Of those, 5,073 involved the sister agencies trading 19,330 gas and debit cards for information from job seekers. Many individuals received the cards if they found jobs on their own. The agencies then collected the information and reported to the state that the agencies had made the placements. The cards were supposed to help job seekers buy gas, tools, work clothes and other items needed for jobs.
In Pinellas, federal regulators will examine gas and debit card payouts worth $407,990. Hillsborough is under the microscope for $894,490, records show. Both centers gave out far more cards than any other job center in the state. Tax dollars paid for the cards.
Additionally, federal regulators want verification on how the agencies made 1,302 payments worth $2.3 million for on-the-job training without documenting that the new workers were eligible or even needed the training.
In Hillsborough, the job center made 811 payments to employers, totaling nearly $1,385,000. Pinellas is responsible for 491 payments, totaling $919,555, records show.

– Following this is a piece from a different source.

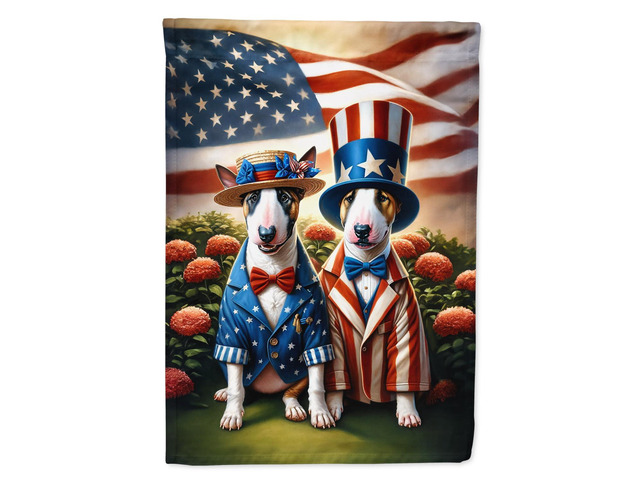 Caroline's Treasures DAC4205GF All American Bull Terrier Garden Flag Mailbox Flag Decorative Yard Flag Banner Outside Patio Artwork Yard Flower...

The agencies used this program to pad job referrals and leaned on a database of employers’ signatures to file contracts in bulk — meaning they did not always consult with the employers on each new record. This practice was connected to Pinellas County Sheriff Bob Gualtieri, eventually questioning whether a CareerSource Pinellas staffer had forged his signature.
The Times reported the above findings a year before federal regulators listed them in its report.
CareerSource Pinellas and CareerSource Tampa Bay separated in 2018, reversing the merger of services adopted under Peachey. Each office selected new leaders and new policies, and officials say they are working to rebuild trust. But the scandal continues to resurface — and now it carries the potential for even more costs.
“We still don’t know how much we’re going to have to pay yet,” Pinellas County Commission Chair Pat Gerard said.